Учителя‑мужчины уединились в рощице на противоположном берегу речушки. С нами остался только Реджеб‑эфенди. Он бродил по лужайке в своей неизменной голубой ляте, размахивал огромным черным зонтиком и, покрикивая, отдавал распоряжения поварам, сооружающим в стороне очаг из камней. Учительницам и взрослым девушкам хотелось снять чаршафы и порезвиться с непокрытой головой. Они долго уговаривали Реджеба‑эфенди пойти к мужчинам. В конце концов им удалось прогнать его.

Сегодня я почему‑то не могла развлекаться со всеми. Беззаботное веселье этих девушек, их радость нагоняли на меня грусть и задумчивость.

Рядом девочки начальной школы пели под музыку. Чуть поодаль молоденькие девушки, толкаясь и крича, кидали мяч или играли в разбойников. Еще дальше ученицы, столпившись в беспорядочную кучу, аплодировали своей подружке, которая читала стихи, а может быть, произносила речь.

Мунисэ исчезла в толпе, разве станет шалунья скучать возле меня? Неподалеку, на краю оврага, росло несколько каштанов, там молодые учительницы и старшеклассницы устроили качели. Среди густой листвы мелькали разноцветные платья, повсюду слышны были громкий крик и смех.

Незамеченной мне удалось спуститься к реке, я уселась в тени большой скалы. На берегу меж камней росли тощие желтые цветочки. Я срывала их и бросала в воду, плескавшуюся у моих ног. Мысли мои были где‑то далеко‑далеко.

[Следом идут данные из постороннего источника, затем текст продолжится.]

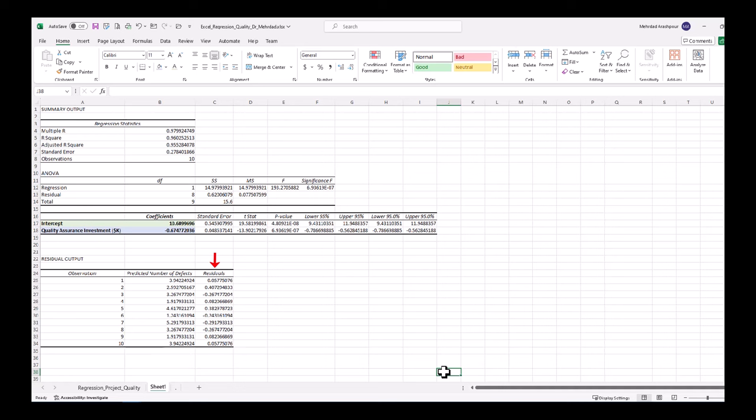The residuals in the last table show the difference between model's prediction of defects and the ground truth in each observed project.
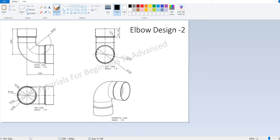Hello everyone, welcome to our YouTube channel CAT Tutorials for Beginners to Advance. In this tutorial let's practice elbow design 2. We already practiced a basic elbow design in our previous tutorial, so let's practice elbow design 2 in this lecture.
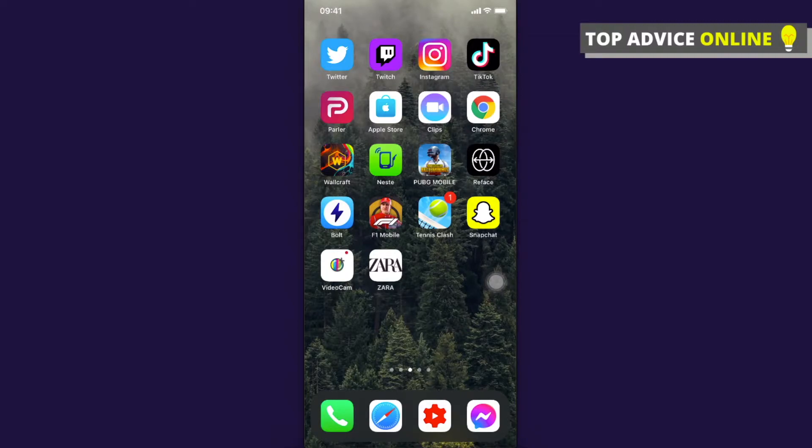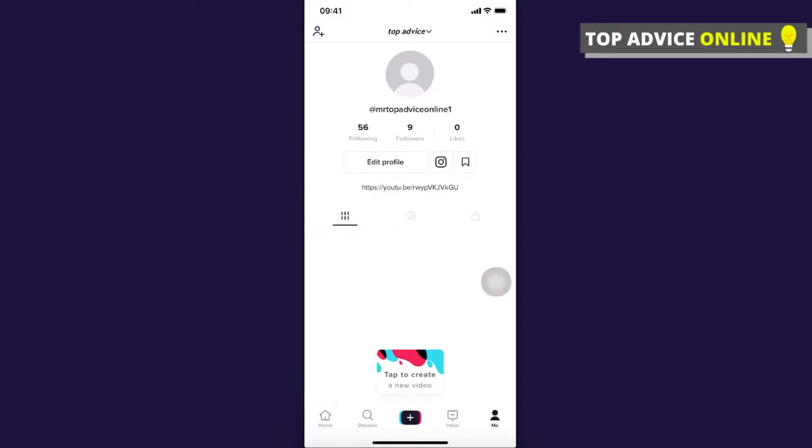All right, so first of course what you need to do here is you need to open TikTok and then you need to go on your profile and you can do that by pressing the me icon that is on the bottom right.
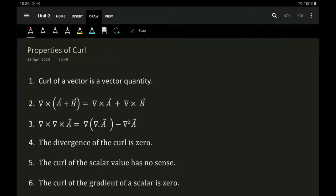Hi, hello, namaste. In this short section we'll be discussing the properties of curl and we'll be seeing the curl operator on different coordinate systems.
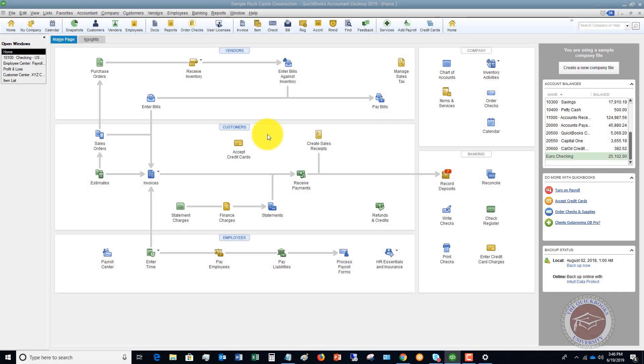Welcome to this QuickBooks tutorial on how to fix a reconciliation discrepancy in QuickBooks. There are two common errors that I see that you're going to have to learn how to fix in your QuickBooks company file.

Вдруг сзади кто‑то закричал тоненьким голоском:

— Нашла!.. Шелкопряд здесь!..

Оказалось, меня разыскивали, чтобы качаться на качелях. Почти насильно девушки отвели меня к каштановым деревьям. Я отказывалась: «Не могу, устала, не умею!» Но разве их уговоришь. Ни мои коллеги, ни ученицы слушать ничего не хотели. Мюрювет‑ханым, та самая учительница с черными проницательными глазами, изъявила желание во что бы то ни стало покачаться со мной. Мы забрались на доску. Но у меня ничего не получалось: руки дрожали, колени подгибались. Бедняжке Мюрювет пришлось порядком потрудиться, чтобы раскачать качели. В конце концов она отказалась:

— Все напрасно, мой Шелкопряд! Ты действительно боишься качелей. Побледнела, как полотно. Еще упадешь…

Во время обеда Реджеб‑эфенди был с нами. От него тоже не ускользнуло мое грустное настроение. Он все время кричал мне:

— Эй, ты чего не смеешься, проказница? Когда я говорю: «Не смейся!» — ты хохочешь. А почему теперь такая хмурая?

Он не оставлял меня в покое и после обеда, — специально для меня велел притащить из школы самовар и хотел собственноручно заварить чай.

Вдруг одна из учительниц издали позвала меня. Я подошла. Учительница сказал:

— Мы послали служанку, и она принесла тамбур[83]. Надо уйти подальше и заставить Шейха Юсуфа‑эфенди сыграть нам. Только как‑нибудь избавься от этого пустомели.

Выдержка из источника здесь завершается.